Un autre souvenir a marqué Marracq où Mr de Barbeyrac, Directeur régional des douanes, prompt à assurer ses fonctions, vit sa villa en face de l'Hôpital avec un troupeau de brebis lâchées au milieu des rosiers par un contrebandier mécontent d'avoir été mis à l'amende. Mais comme en toutes ces histoires, des honorables hommes de loi exerçant au tribunal de Bayonne accordèrent la sanction et le consentement. Le troupeau retrouva son propriétaire, ou pour le moins un havre plus familier que le jardin de Marracq, pour obtenir la liberté !

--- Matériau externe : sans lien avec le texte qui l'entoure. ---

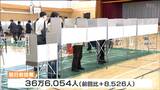 【午後4時現在】衆院選・推定中間投票率25.34%「前回を3.84ポイント下回る」宮城|TBS NEWS DIG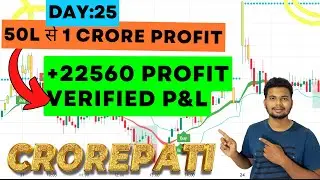 DAY:25 The CROREPATI Trading Challenge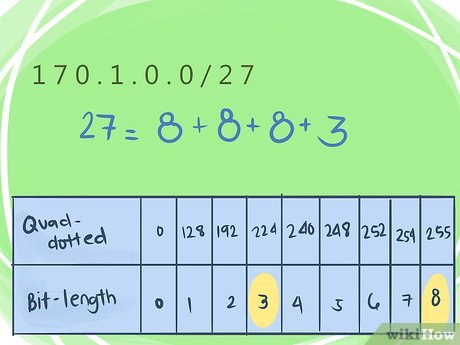 How to Calculate Network and Broadcast Address Picture 9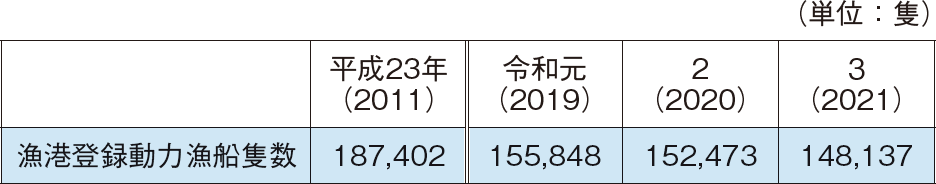 5-2 漁港登録漁船隻数の推移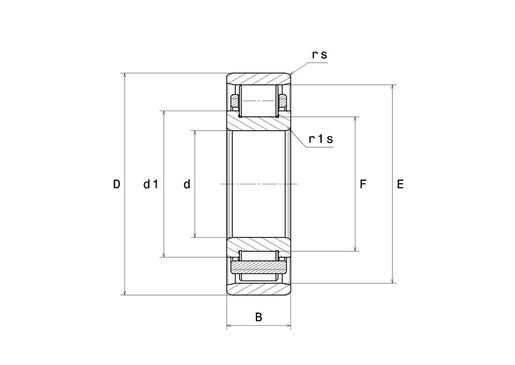 Product classification image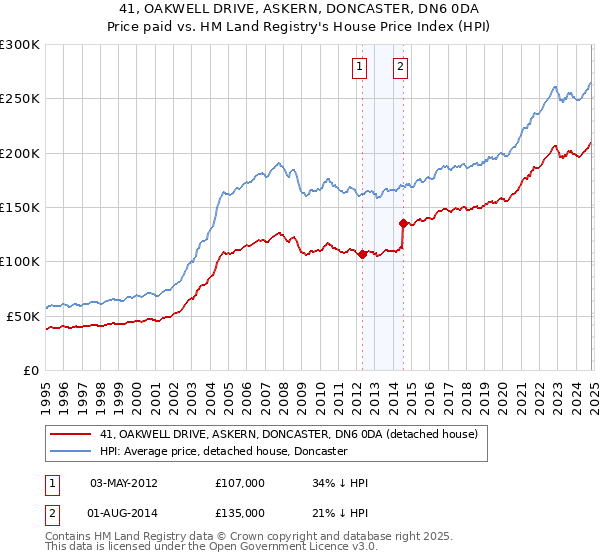 41, OAKWELL DRIVE, ASKERN, DONCASTER, DN6 0DA: Price paid vs HM Land Registry's House Price Index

La contrebande ne quitta pas Dantxarinea avec ces années 50. Sans pépites de cacao, point de chocolat à Bayonne. On semble oublier que par manque d'approvisionnement, les commerces et les usines mirent du temps pour retrouver leur régime de croisière. On dit à Bayonne que lors du mois de la foire annuelle, des femmes audacieuses avaient pris l'habitude de recruter des "relayeuses" ou "passeuses" qui servaient - avec une commission - pour ravitailler Bayonne principalement de vin, de quelques bouteilles de Pernod espagnol et des célèbres apéritifs, Moscatel et autres boissons de consommation courante à cette époque. Les temps ont changé depuis ces coutumes; mais non point les habitudes.